彼は「ガッチョの唐揚げ」がこの辺りの名物だと答え、ガッチョとは関東で言うメゴチの事で、餌のついていない空針でもガツガツと喰いに来て簡単に釣れるからガッチョと言うのだと教えてくれた。
出典:
https://www.zukan-bouz.com/syu/%E3%83%8D%E3%82%BA%E3%83%9F%E3%82%B4%E3%83%81
俺は聞いた事を後悔した。
普通の奴なら、ちょっと高級な天ぷら屋でも行かない限りはメゴチを食う事なんかないだろう。
旅風情として面白がって、ガッチョの唐揚げとやらを喜んで食べるに違いない。
但し俺は釣り人なのだ。
メゴチがヌメヌメの粘液に覆われている事も、松葉下ろしという独特の捌き方をすると海老のようにプリプリした真っ白な身が姿を現す事も、そいつを天ぷらにしても刺身で食っても最高に美味い事を知っている。
そのメゴチを唐揚げだと?
あの繊細な味は天ぷらこそ至高、がっはっは士郎め!と俺の中の雄山が喚き始める。
だが、小心者の俺はもう引き返せない。
かくして、ガッチョ(メゴチ)の唐揚げをオーダーしたのだった。
運ばれてきたのがこれだ。
結論から言うと、悪くなかった。
唐揚げにしたのも、かつて大量のメゴチを捌く際に中骨を抜く手間を省くために骨ごと食えるようにする為でないかと思う。

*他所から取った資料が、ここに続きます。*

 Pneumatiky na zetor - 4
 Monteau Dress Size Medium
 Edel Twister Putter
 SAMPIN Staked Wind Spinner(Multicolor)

塩をつけてカラッとした衣を噛みしめると、油の旨味とメゴチのほのかな旨味が舌の上で溶け合い、大衆的な居酒屋の雰囲気と合わせ技1本。
大阪の地酒と共に、俺の楽しい大阪の夜はふけていった。
なお、マスターが言うにはガッチョ(メゴチ)も近年は漁獲量の低下が続いているそうである。
豊かな大阪湾の復活を願って止まない。